KV Cache in Transformers- Detailed and Simplified Guide
#
Table of Contents
Transformers and GPU Memory
- OpenAI’s GPT-3 charges twice as per input token for longer context models.
- Economic consequences of high memory consumption.
- Most memory, especially with larger context lengths, goes towards the KV cache.
Understanding Self-Attention Mechanism
- Each token corresponds to an embedding vector X.
- X is multiplied by matrices to form Query (Q), Key (K), and Value (V) vectors.
- Q represents the new token, K and V depict previous contexts.

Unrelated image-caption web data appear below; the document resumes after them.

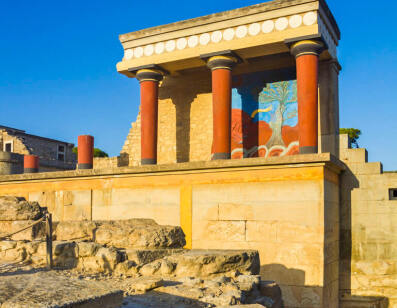 Άποψη από τοίχο και κολόνες του παλατιού της Κνωσού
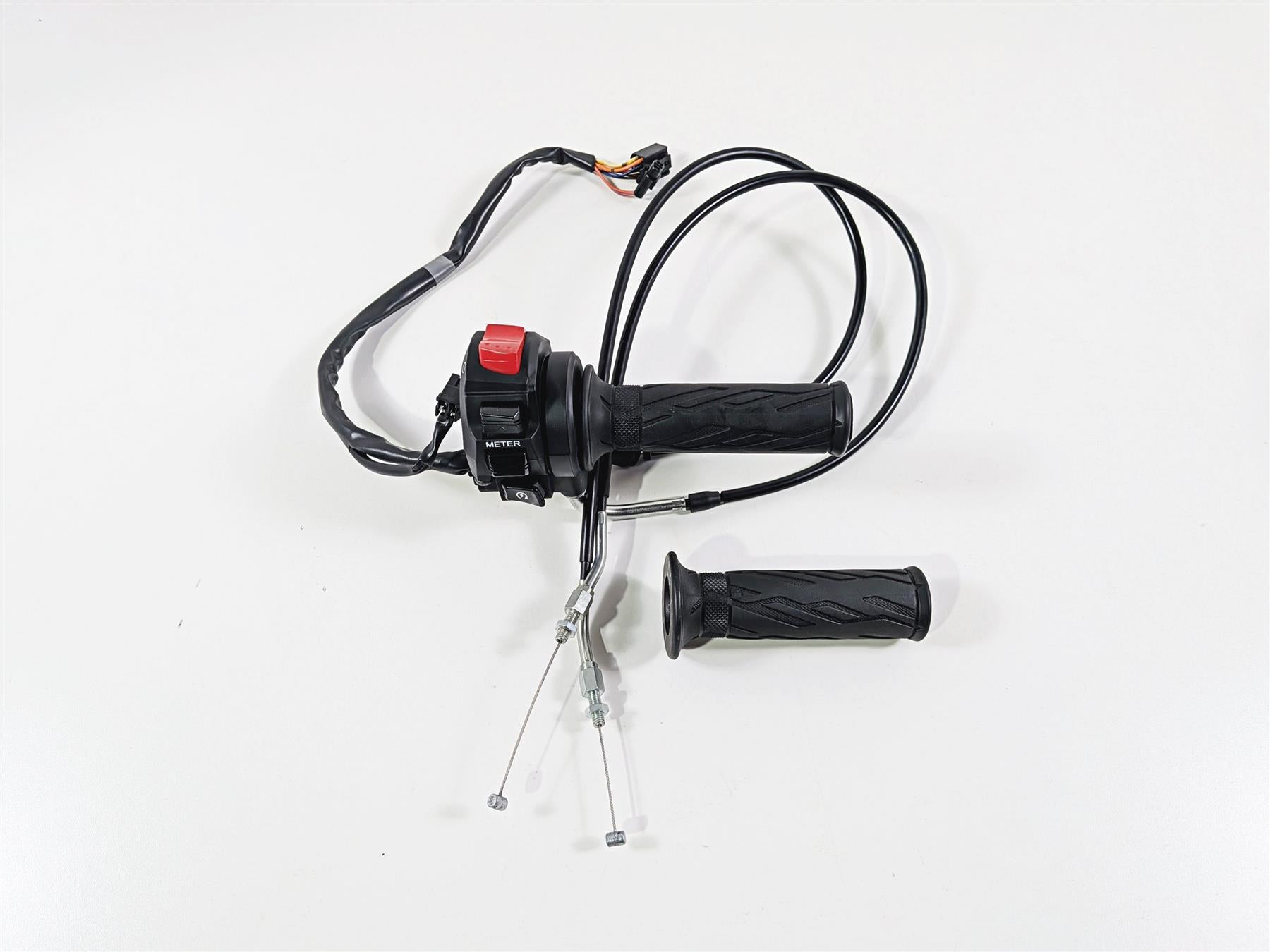 2024 Suzuki GSXR600 Right Hand Control Switch Throttle 37200-47H30 {{ shop.shopifyCountryName }} - Mototech271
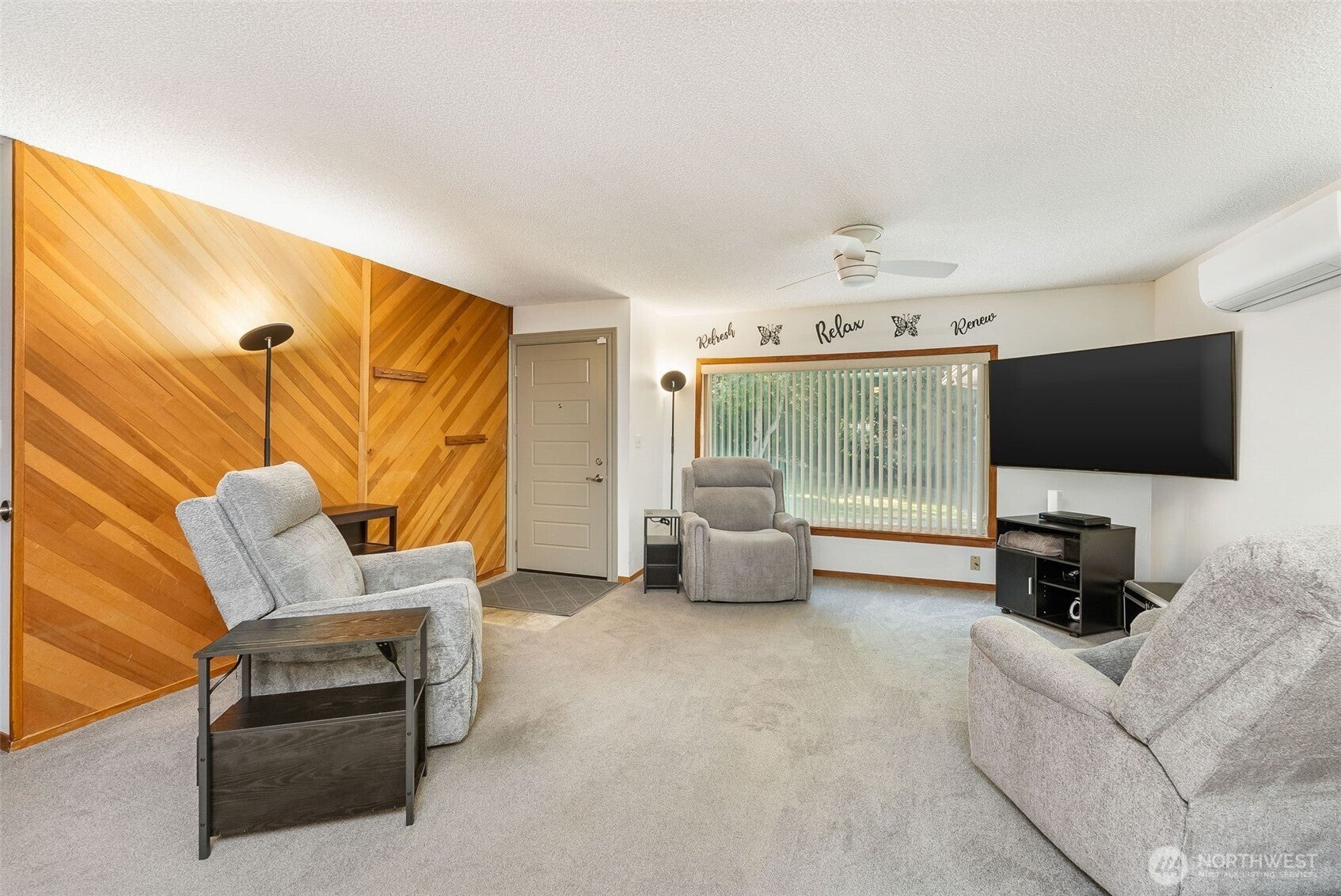 Port Orchard, Washington, 98367, United States, 3 Bedrooms Bedrooms, ,1 BathroomBathrooms,Residential,For Sale,1804600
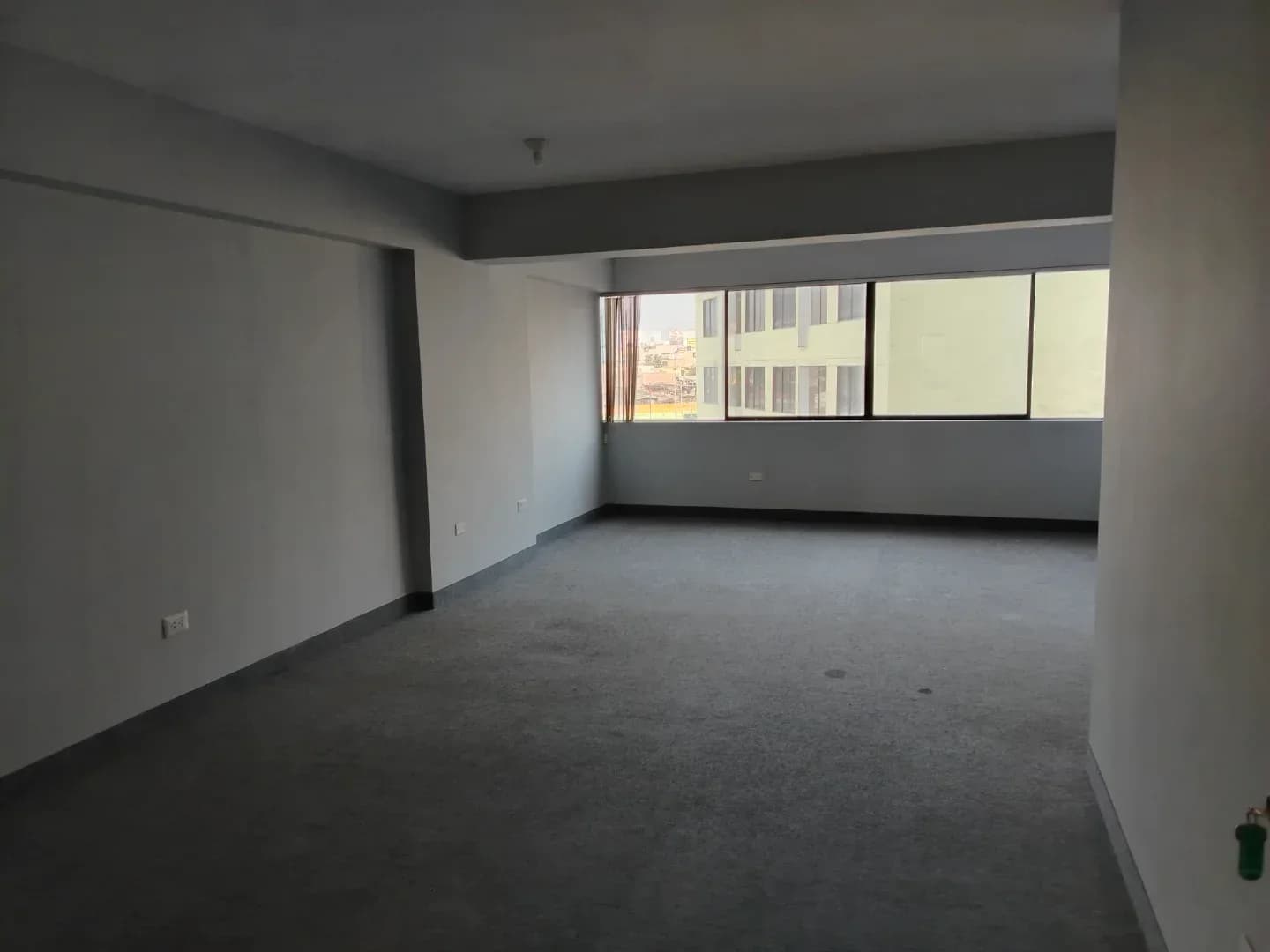 ALQUILER DE OFICINA IMPLEMENTADA EN URB. SANTA CATALINA, LA VICTORIA – foto 4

- Attention mechanism: Softmax((Q.K^T)/sqrt(d))*V.
The Role of KV Cache
- In autoregressive decoding, Q vector is generated, and cached values of K and V matrices are fetched.
- Model calculates a new column for the K matrix and a new row for the V matrix.

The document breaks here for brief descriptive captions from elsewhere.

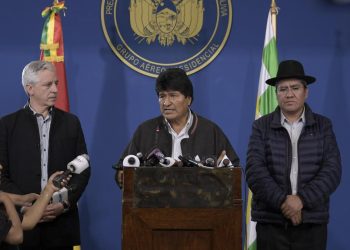 EVO MORALES RENUNCIA COMO PRESIDENTE DE BOLIVIA
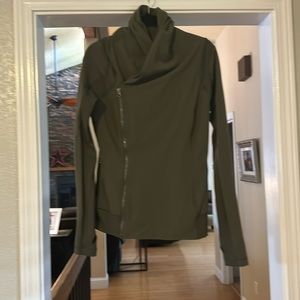 Lululemon size 10 Bhakti Yoga Jacket (Like New) worn twice Army green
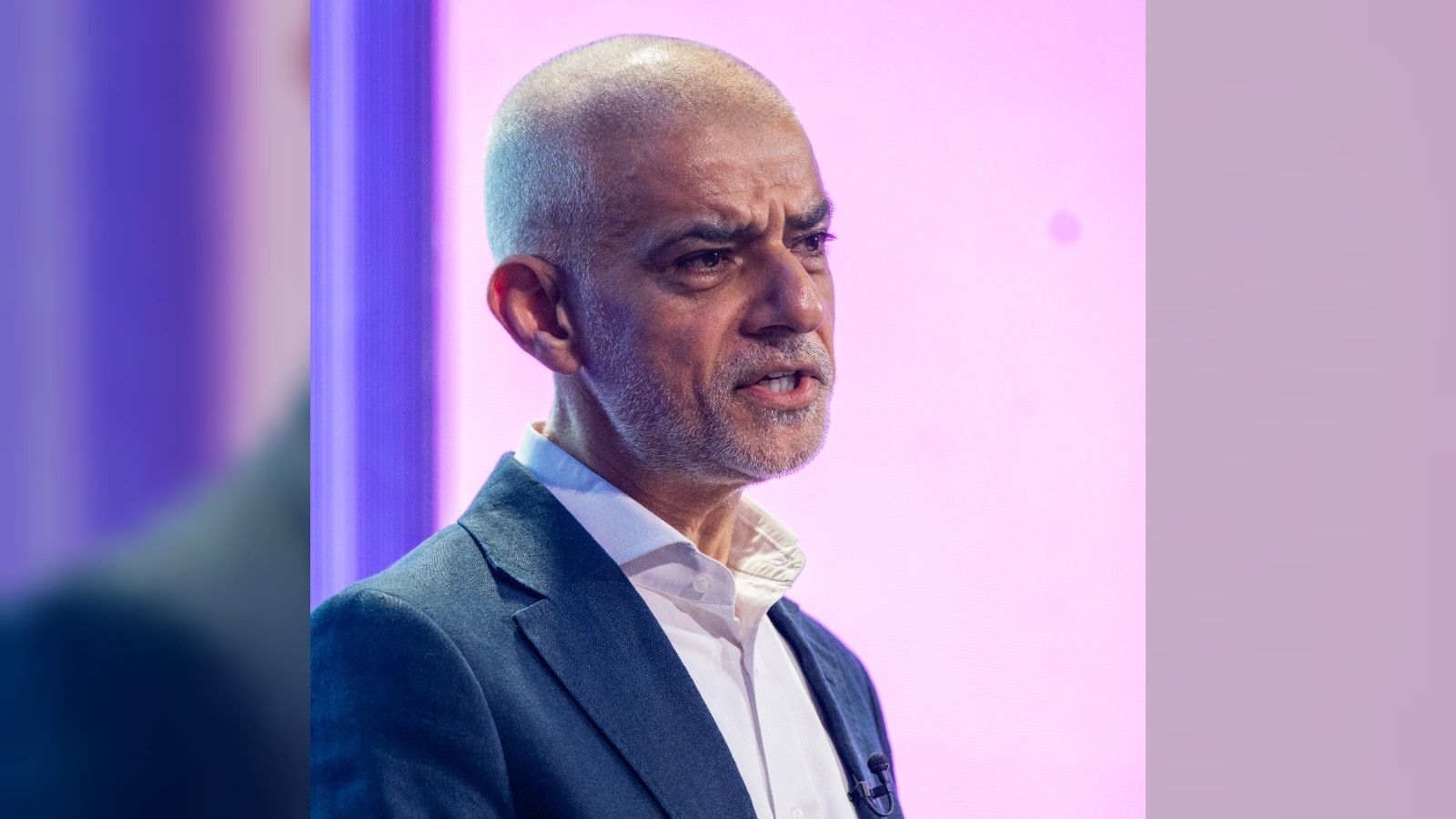 Mayor orders Westminster to drop Soho pub ban plans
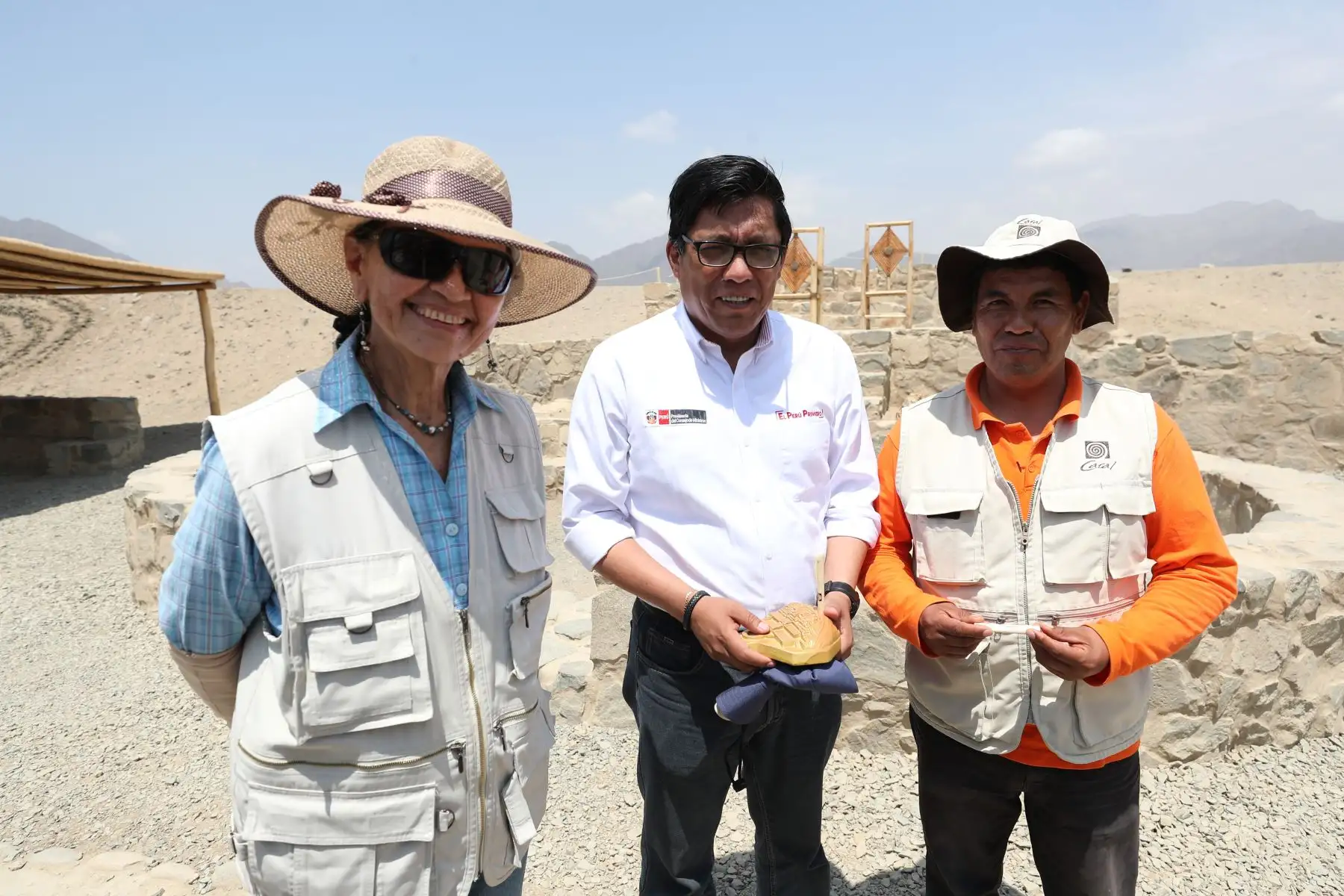 Presidente del Consejo de Ministros, Vicente Zeballos , llegó a la Ciudad Sagrada de Caral, para inspeccionar junto a su directora, Ruth Shady, los trabajos arqueológicos y académicos que se impulsan en el lugar.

Pivotal Function of KV Cache within Transformer’s Architecture
- KV cache works seamlessly with the self-attention layer.

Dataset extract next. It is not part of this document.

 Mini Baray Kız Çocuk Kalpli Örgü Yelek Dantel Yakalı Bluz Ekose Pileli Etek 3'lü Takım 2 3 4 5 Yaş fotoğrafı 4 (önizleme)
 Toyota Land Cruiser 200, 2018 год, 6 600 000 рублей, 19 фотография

- Self-attention layer processes previous K and V cache and the embedding for the current token.
- Computes new K and V vectors for the current token, appends them to KV cache.
Memory Usage Calculation
- Formula:
2 x precision x layers x dimension x sequence_length x batch
- Elements:
- 2 for K and V matrices.
- Precision: number of bytes per parameter.
- Layers: total number of layers.
- Dimension: size of embeddings per layer.
- Sequence_length: length of the sequence to generate.
- Batch: batch size.
Drawbacks and Constraints of KV Cache
- Memory allocation breakdown for a 13B-parameter Language Model (LM) on NVIDIA A100 GPU with 40GB RAM.
- Approximately 65% for model weights, 30% for dynamic states (KV cache), and the remaining for other data.
KVs and Latency
- Higher latency when processing the prompt versus subsequent tokens.
- For subsequent tokens, latency is lower as only cached K and V need to be computed.
Conclusion
- KV Cache is a core component of Transformer models.
- Demands proper management due to its significant impact on memory usage, especially in large models.
- Balancing powerful NLP models and optimizing them to prevent resource constraints.